Babatunde Fashola, Tinubu’s successor appears in the video, urging residents of Lagos to play their parts in achieving the mega-city dream.
“Eko Atlantic will be centered on Eko Boulevard, which is like the Fifth Avenue in New York,” David Frame, the head of Chagoury Group’s construction division South Energyx Nigeria, said.
Eko Boulevard will have a clear view of the sea with four lanes of traffic in each direction, wide sidewalks, and high-rise buildings filled with shops, apartments, cafés, bars, and restaurants.
Frame listed the planned city’s amenities: clean water flowing from the tap, constant electricity from a private grid, sewage facilities. Gleaming condo towers, smooth roads, a special genus of palm trees with no falling fruits—even the sky and water looked cleaner, somehow purer, and pollution-free.
The new city plan also helped to draw attention to and solved some urban related problems in the state.
Too many robbery incidents around the coastline areas of the state. But with the mega-city plan, Tinubu in conjunction with his predecessors were able to fix that progressively.
The state was also filled with shanties and slums which harboured criminals and illegal squatters. The good ones were also relocated while the criminal elements were dislodged.
Indeed, Eko Atlantic is one of the world’s cutting-edge new cities, and already at an advanced stage of development.
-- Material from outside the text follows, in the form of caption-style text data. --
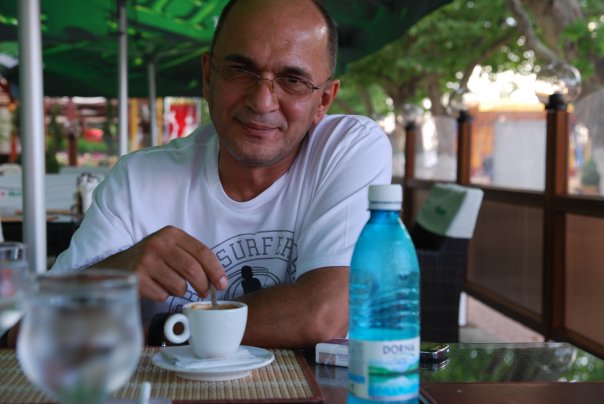 Bahaian, acuzat de instigare la omor, constituire de grup infractional si inselaciune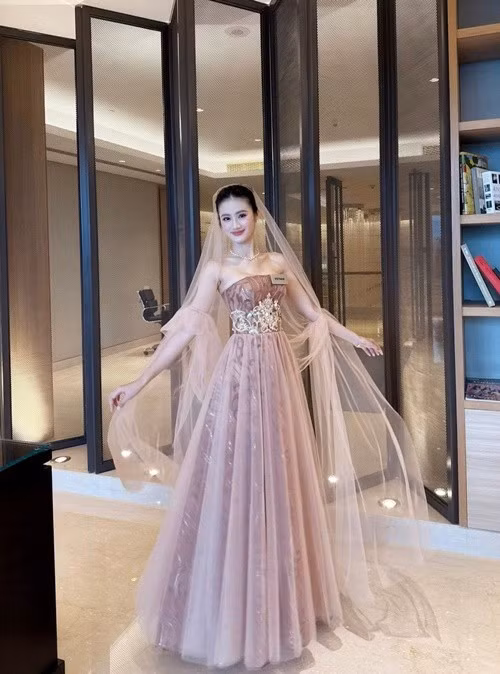 Phong cách thời trang của Ý Nhi trong gần 1 tháng thi đấu được đánh giá cao. Mỗi ngày tham gia các hoạt động, đại diện Việt Nam lại xuất hiện với một hình ảnh mới. Ảnh: FB Ý Nhi.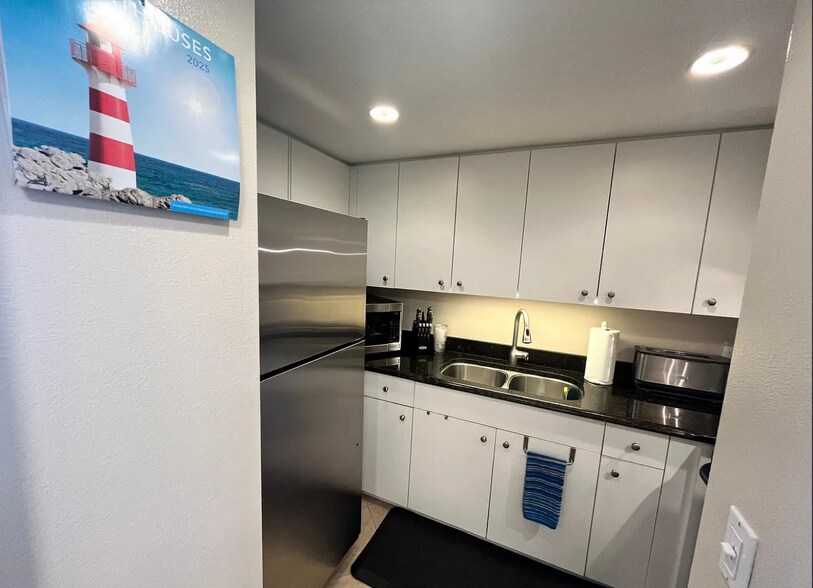 Building Photo - 880 Mandalay Ave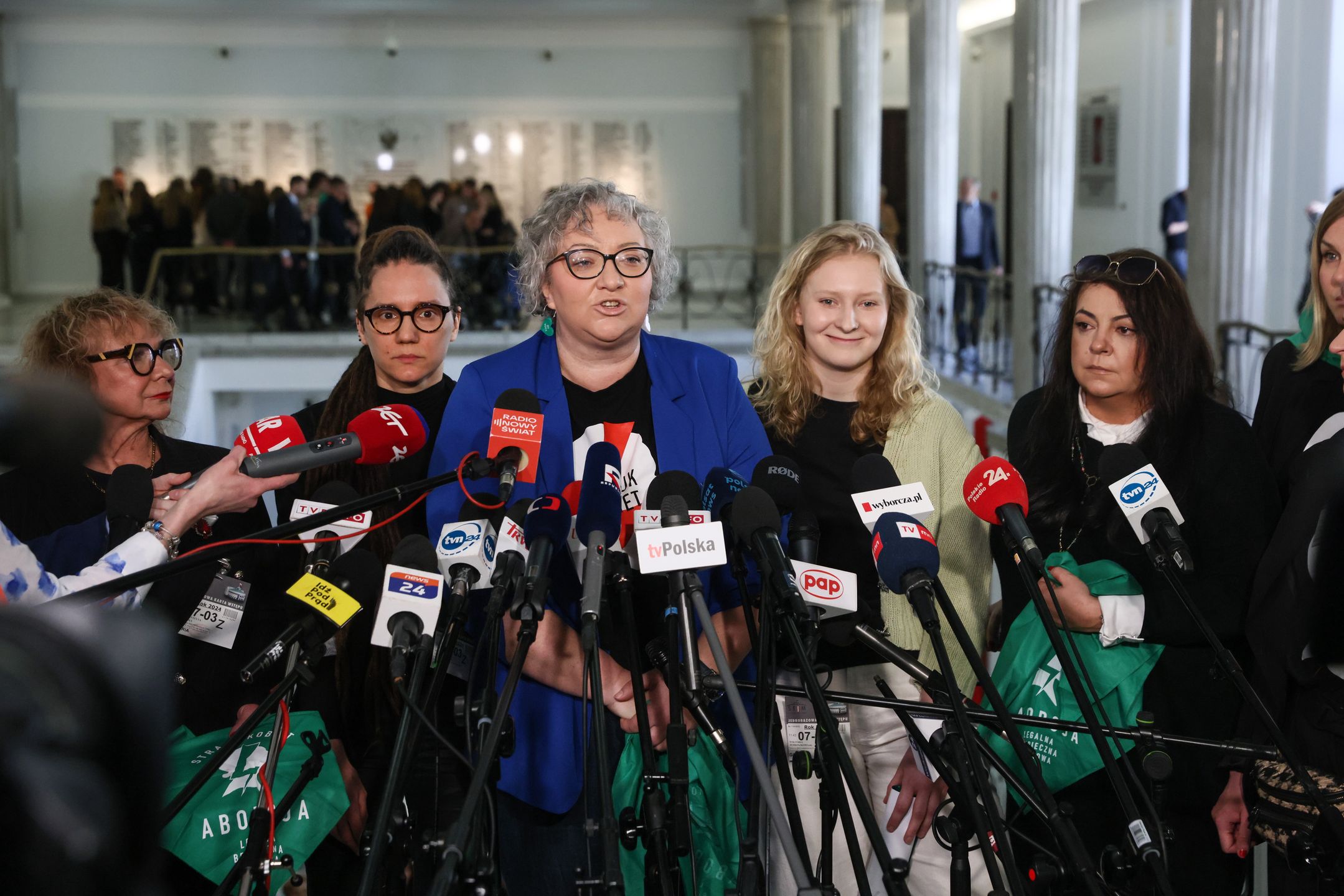 Warszawa, 07.03.2024. Jedna z liderek Ogólnopolskiego Strajku Kobiet Marta Lempart (C) na konferencji prasowej w Sejmie w Warszawie, 7 bm. (ad) PAP/Leszek Szymański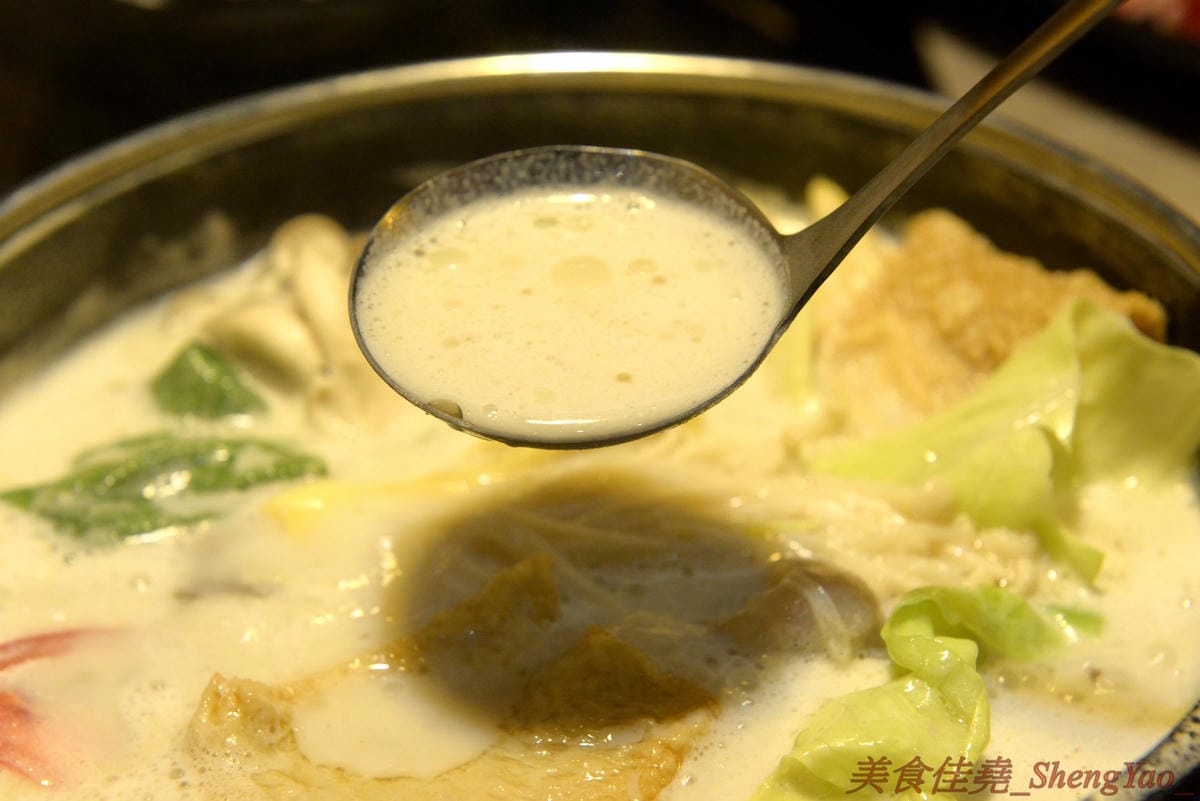 [台中沙鹿]築間幸福鍋物 沙鹿店 – 知名連鎖鍋物”築間”來海線沙鹿開分店了 !! 濃到讓人整鍋喝光光的鮮菇奶香湯底,份量十足的肉盤,十幾種食材的豐富菜盆,別忘了還有那讓人吃到爽的明治冰淇淋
It’s a visionary project on a huge scale, achieved by a team of major local and international partners.
The United States alone will spend more than half a billion dollars on the new consulate general in Eko Atlantic.
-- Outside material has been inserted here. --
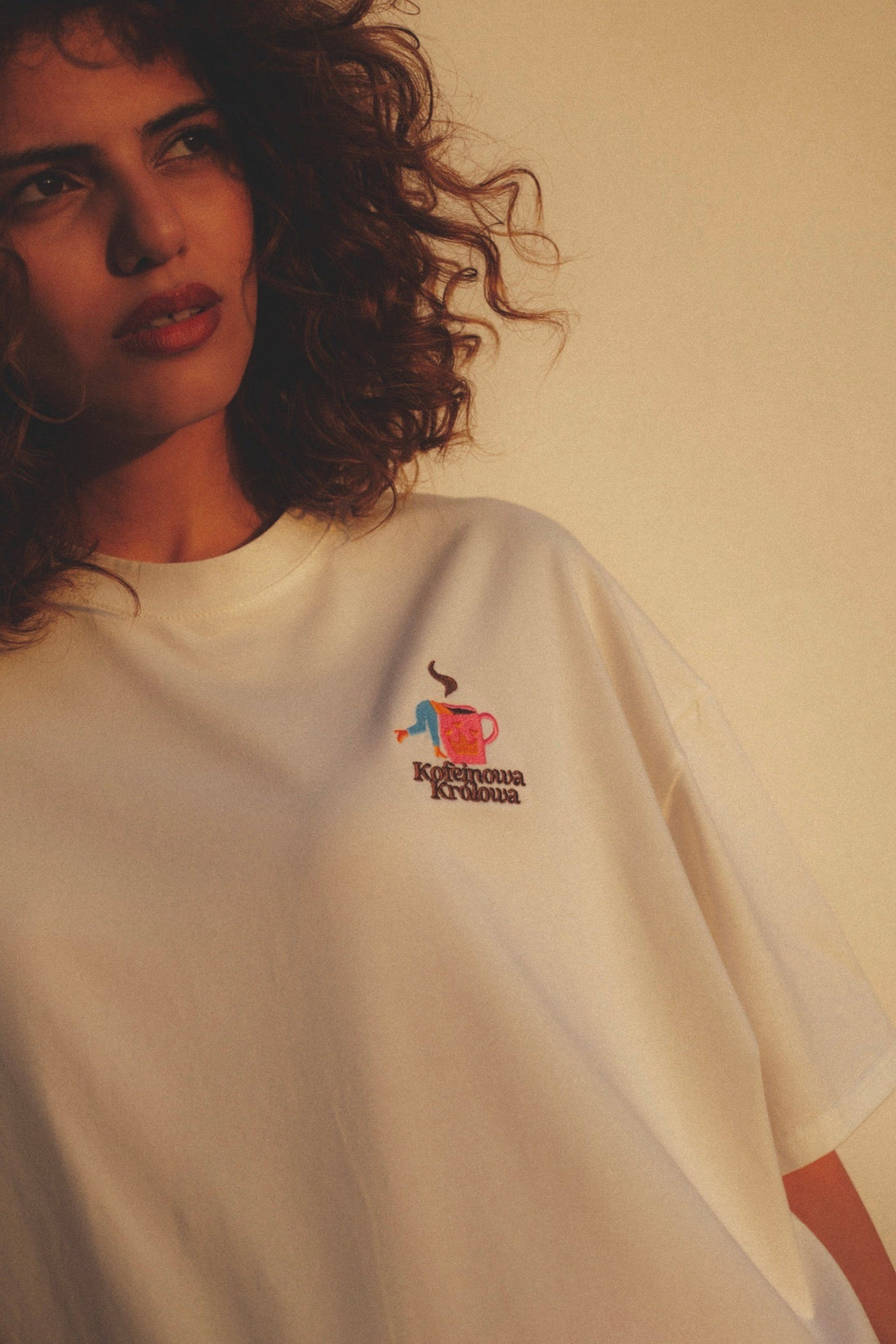 COFFEE QUEEN CREAM T-SHIRT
Designed by Ennead, a New York architecture firm, the consulate is expected to take up 50,000 square meters of space, and employ 2,500 Nigerian citizens in various roles from engineering and construction to administration.
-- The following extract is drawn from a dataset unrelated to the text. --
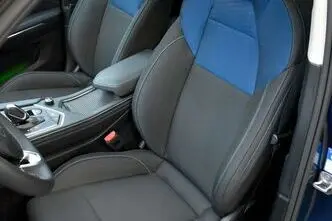 Lynk&Co 01, 1.5, 132 kW, hübriid, automaat, esivedu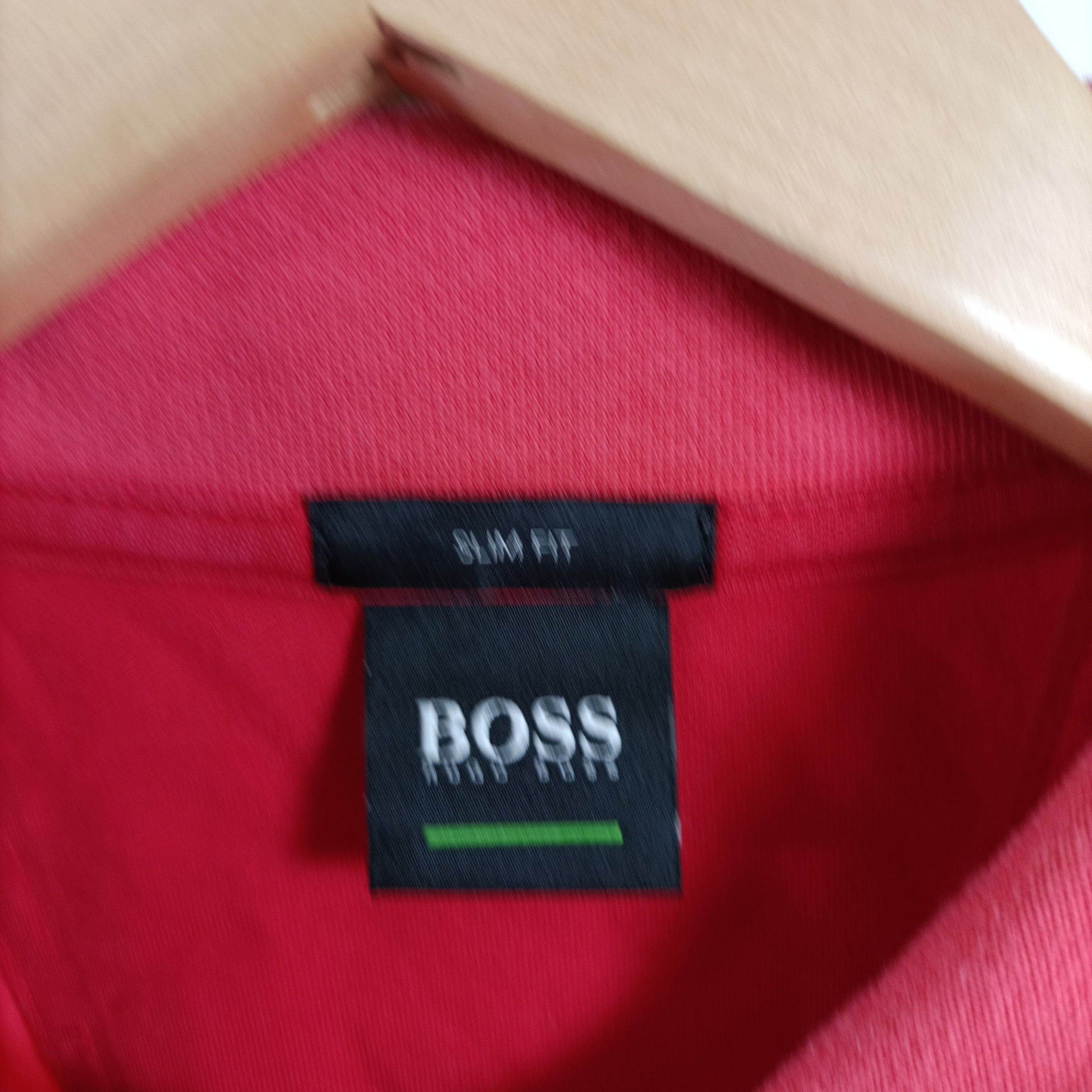 Voir photo 7 de Polo homme Hugo Boss XL rouge coton slim fit col rayé casual chic Polo homme Hugo Boss XL rouge coton slim fit col rayé casual chic Bon état reconditionné photo 7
In a statement, the US said about $95 million will be invested in the local economy as a result of the project, set for completion in 2027.
It is expected to be the largest US consulate in the world.
Soon, three hundred thousand wealthy Nigerians and foreigners should be living in Lagos’s own version of the futuristic cartoon “The Jetsons.”
The reclaimed miles of land in Lagos from the Atlantic Ocean will host residential and commercial properties.
Through various partnerships and visionary leadership of Asiwaju Tinubu in conjunction with successive governments in Lagos, the project will soon be a reality.